The USPTO allows parties to record assignments of patents and patent applications to, as much as possible, maintain a complete history of claimed interests in a patent. The USPTO also permits recording of other documents that affect title (such as certificates of name change and mergers of businesses) or are relevant to patent ownership (such as licensing agreements, security interests, mortgages, and liens). The Patent Assignment Dataset contains detailed information on 6.8 million patent assignments and other transactions recorded at the USPTO since 1970 and involving roughly 11.1 million patents and patent applications. The Patent Assignment Dataset is updated annually.

Trademark Assignment Dataset

The USPTO allows parties to record assignments of trademark applications and registrations to maintain a complete history of claimed interests in a mark. The Trademark Assignment Dataset contains detailed information on more than 873,000 assignments and other transactions recorded at the USPTO since 1952 and involving 1.6 million unique trademark properties. The Trademark Assignment Dataset is updated annually.
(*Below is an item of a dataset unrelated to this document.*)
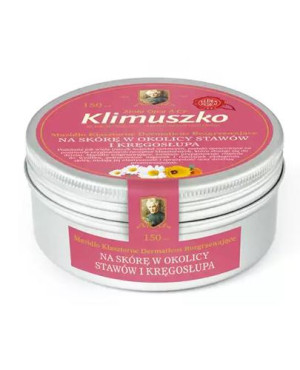 Zioła Ojca Klimuszko Mazidło Klasztorne Dermaticus rozgrzewające na skórę w okolicy stawów i kręgosłupa, 150 g, cena, właściwości, stosowanie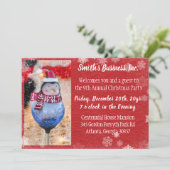 Rode Winter Fotobedrijf Kerstfeest Kaart (Staand voorkant)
Trademark Case Files Dataset

The Trademark Case Files Dataset contains detailed information on 7.7 million trademark applications filed with or registrations issued by the USPTO between 1870 and December 2015. It is derived from the USPTO main database for administering trademarks and includes data on mark characteristics and designs, prosecution events, ownership, classification, renewal history, foreign priority, and international registration. The Trademark Case Files Dataset is updated annually.

Legal Authority

The release of these data is consistent with the agency's responsibility under 35 USC 2 to make information about patents and trademarks available to the public. Providing research datasets to allow for study of the economics of patents and trademarks is also an element in the USPTO economics research agenda. Furthermore, it supports the Obama administration's policy championing transparency and access to government under the "data.gov" umbrella of initiatives.